I also got a chance to spend a day at the offices of my favorite literary magazine, The Virginia Quarterly Review, or “VQR” to those who love it.
VQR, who hosted me at the Festival, is the kind of magazine that makes me do a double-take every time I see my byline in it. Every issue has a stop-you-in-your-tracks cover. And every quarter, underneath that cover, VQR offers up a new selection of writing, poetry, photography, and graphics that will not only revive your cardiac function but also your soul.
But what amazed me most this past week was learning how VQR gets published. I fully expected expansive offices filled with Jeffersonian antiques in the lush setting of University of Virginia greenery. Yes, Thomas Jefferson did design the rooms that house VQR. But there are only three rooms. And they are filled not with desks and editors but mostly with books and old issues. Those books and old issues outnumber the people in the offices, of which there are only four (the editor, the managing editor, the assistant to the editors, and the circulation manager), by a ratio of at least 100 to one.

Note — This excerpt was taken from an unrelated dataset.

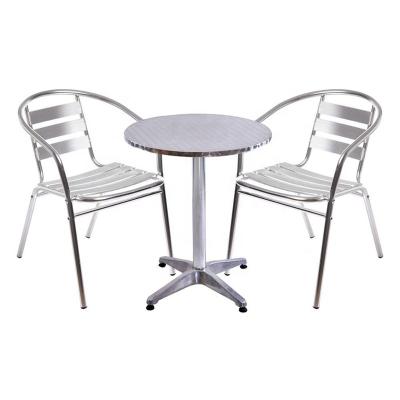 China Outdoor Furniture Aluminium Bar Table And Chair Round Shape Stainless Steel Top for sale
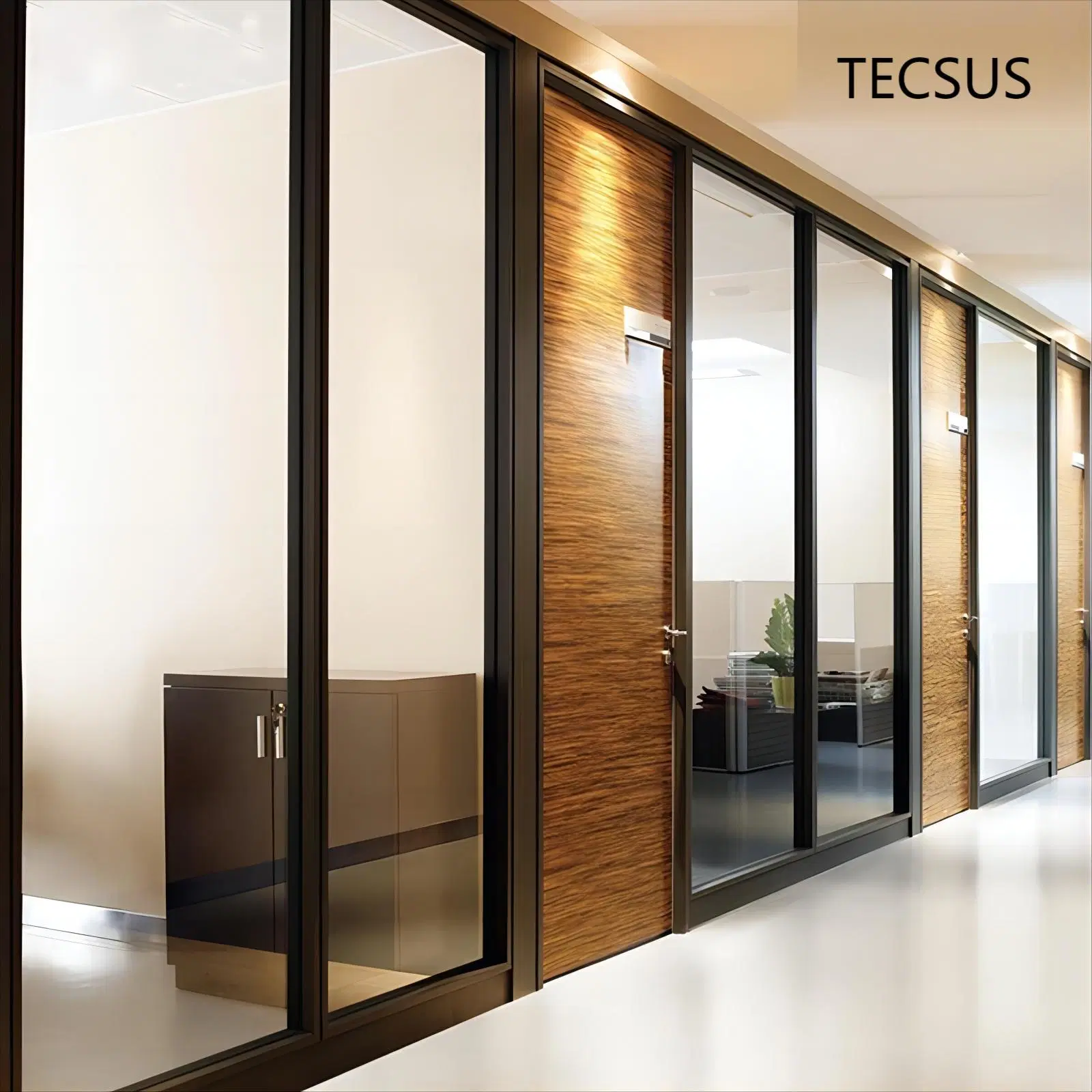 Aluminum Frame Workstations Operable Single Glazing Tempered Office Divider Glass Partition Walls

Four people put out that magazine. Four people. It takes more people than that to fill your coffee order at the local Starbucks.
But when you talk to those four people, especially Ted Genoways, the editor, and Kevin Morrissey, the managing editor, you can see why VQR won the National Magazine Award for general excellence in its category last year and has been nominated for the same award this year.
They are obsessed with writing, quality writing. Over lunch, we talked about Belgian beers, civil war history, and even blog management. But nothing, nothing, made Ted’s words more energized or more poetic than our discussions about good writing.
So take a look at the new Spring issue. There’s work by Philip Caputo, Nadine Gordimer, and Robert Olen Butler, and Ted has, yet again, written a beautiful editor’s column. There’s even a new essay by me, “The Gross-Out Factor.”
VQR is gorgeous. It’s an amazing read. It’s one of my favorites.